Yesterday I found myself reading a first hand account of slavery in an interview of two sisters who had been 12 and 6 when emancipated. It intrigued me because there really are not many first hand accounts by slaves of their experience. What both interested me and annoyed me though, were the comments.

Person after person expressed regret that the sisters, in their eyes, seemed unaware of the horror of slavery since the ladies both agreed that their former master was a good man who treated them well. They even said that growing up in the main house they were spoiled and didn't want to leave when word of emancipation came through. I found it annoying that someone who has never come close to their experience felt that they were better equipped to classify and describe it than the women who actually lived it. So many of the comments were patronizing. People said things like "poor things they didn't know any better"

I don't like the idea of slavery any more than the average black person in the states living this day and age. However I refuse to believe that slavery as it exists in my mind is the end all be all experience even when being told something different from someone who experienced it. Those ladies know better than I do how they were treated and if they say they were treated well then I believe them. I do wonder if part of their good treatment was due to the fact that they were children. How things might have changed had they reached adulthood still enslaved I don't know.
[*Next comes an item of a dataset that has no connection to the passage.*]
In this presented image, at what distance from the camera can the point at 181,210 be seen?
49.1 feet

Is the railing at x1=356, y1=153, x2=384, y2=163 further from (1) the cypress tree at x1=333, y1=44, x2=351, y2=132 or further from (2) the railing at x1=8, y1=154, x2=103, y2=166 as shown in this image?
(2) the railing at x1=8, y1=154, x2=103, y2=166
What I took from the interview was that their particular owner was not a cruel person and endevored to treat his slaves as humanely as one could while still keeping them enslaved.  The slave children were all christened, they attended mass and on his deathbed their father requested and received a priest to attend him and legally marry him to his handfasted wife. From our current point of view we see that as the very least one could do but given the widely accepted and even encouraged cruelty of the time being kind or "soft" on ones slaves could cause the owners to lose standing within their communities so to be kind was in some ways quite radical.

I'm not naive enough to believe that all or even the majority of slave holders ruled with a great deal of kindness treating their slaves as not simple property but as people. There have been enough first hand accounts that say otherwise and I believe them. It takes nothing away from my strength of belief in the wrongness of slavery to believe a former slave who says their life was not one horror after another. No one should no matter how kindly intended, refuse to allow someone to own their own experiences. As a woman, as a person of color, as an adult who remembers being a child I have been in the position of having others assume they know more about what I have lived than I do and it's annoying to say the least. Not to mention just downright disrespectful. Slave owners like any other group of people, have their mix of horrifying, evil, ok, and even dare I say it, kind. If I accept that then I must accept that the lives and experiences of slaves were not monolithic, and every experience no matter how much it may chafe current sensibilities, should be valued and acknowledged as their truth.

If your arguments against slavery can only stand when all slave owners are cast as the devil incarnate then you need to work on your arguements.